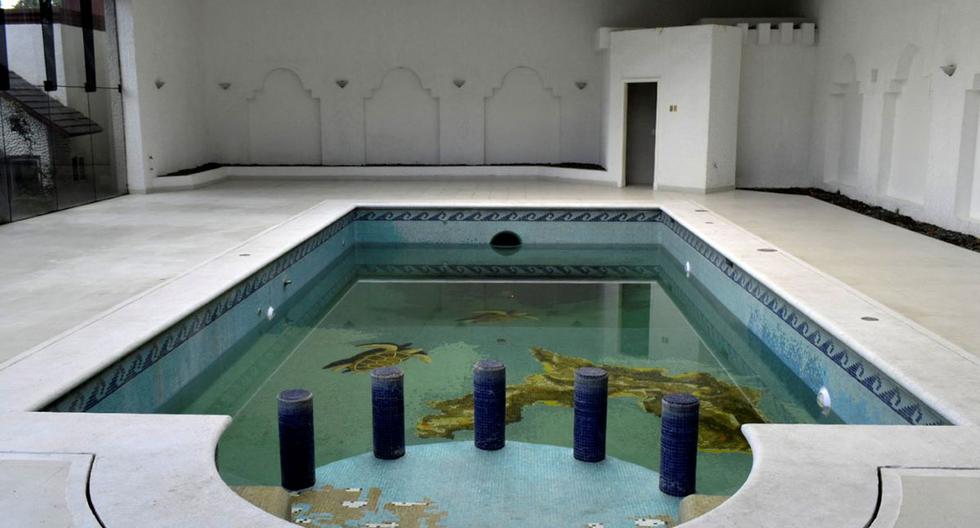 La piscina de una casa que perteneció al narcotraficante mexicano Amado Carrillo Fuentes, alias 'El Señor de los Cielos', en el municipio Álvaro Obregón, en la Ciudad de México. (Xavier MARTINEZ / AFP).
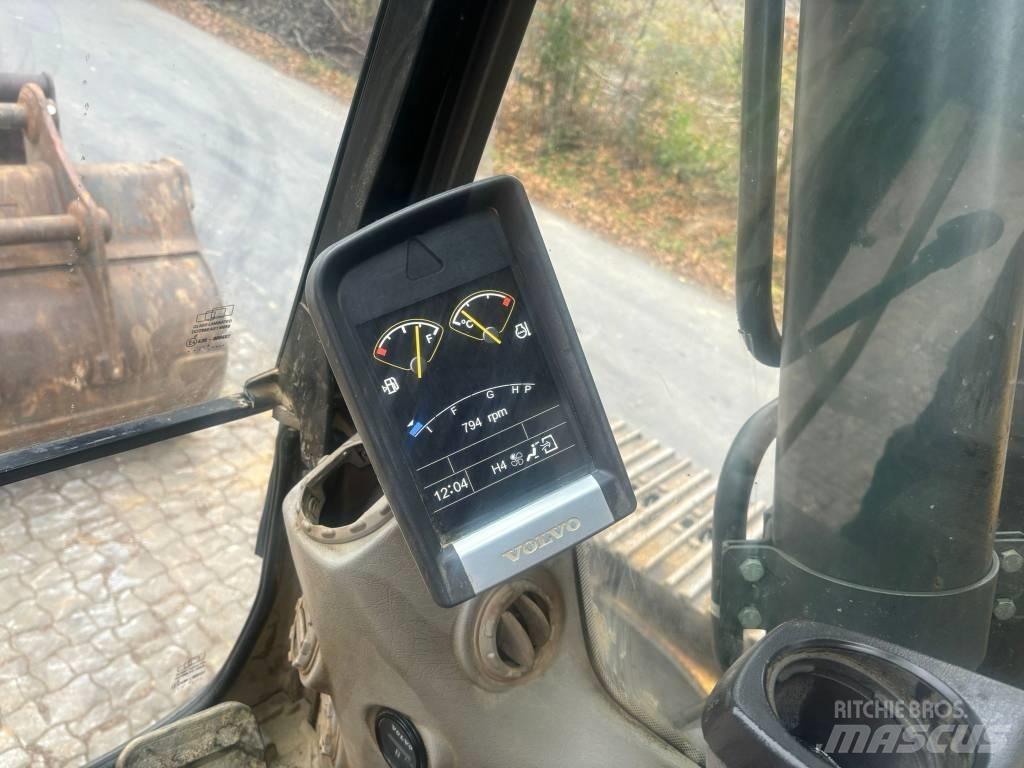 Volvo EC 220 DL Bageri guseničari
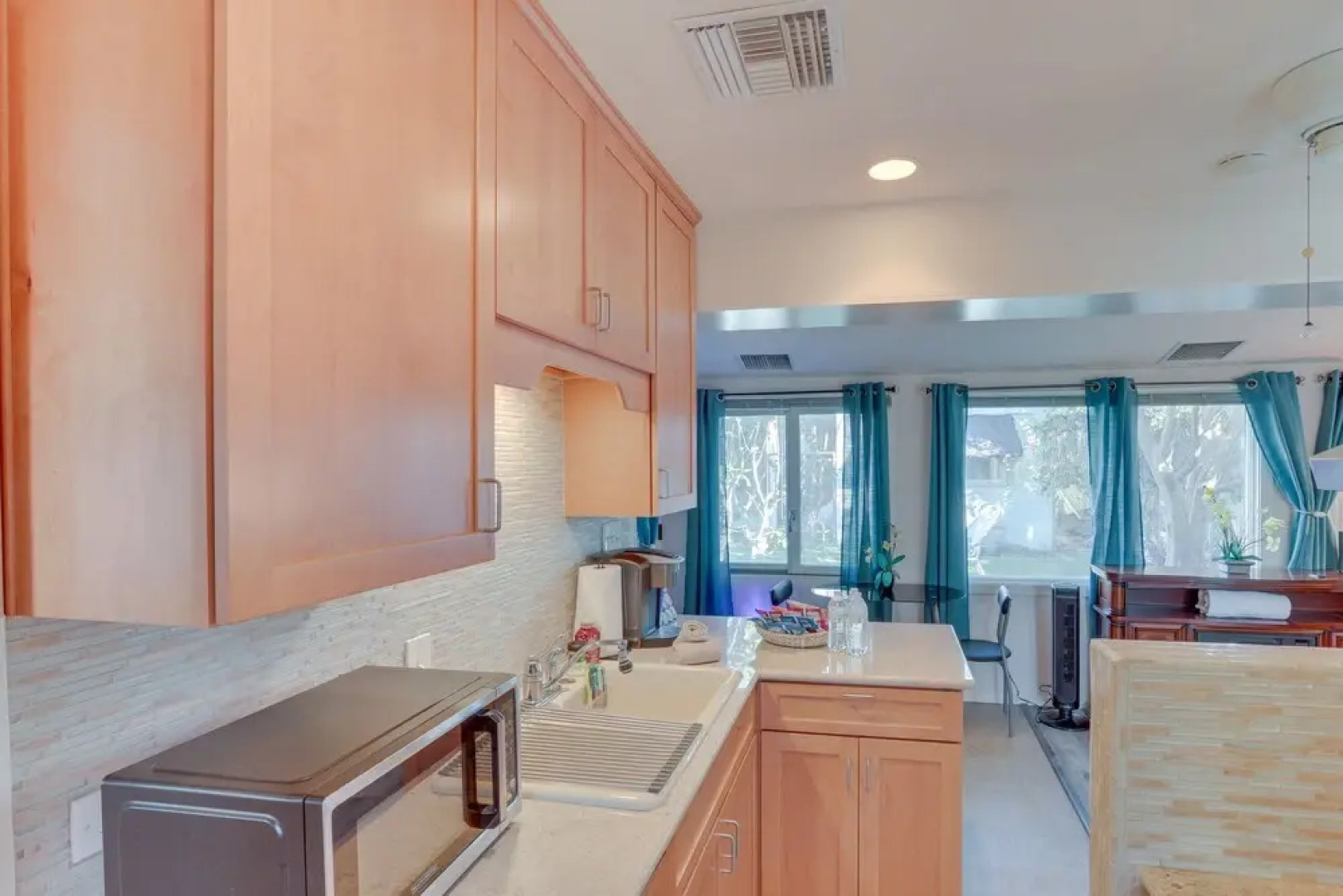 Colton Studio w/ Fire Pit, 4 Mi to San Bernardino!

====

Task details - In the copy you return, include exactly the lines from the one containing "Volvo EC 220 DL Bageri guseničari" through the final line of the listing, and no pictures.

Response -
 Volvo EC 220 DL Bageri guseničari
 Colton Studio w/ Fire Pit, 4 Mi to San Bernardino!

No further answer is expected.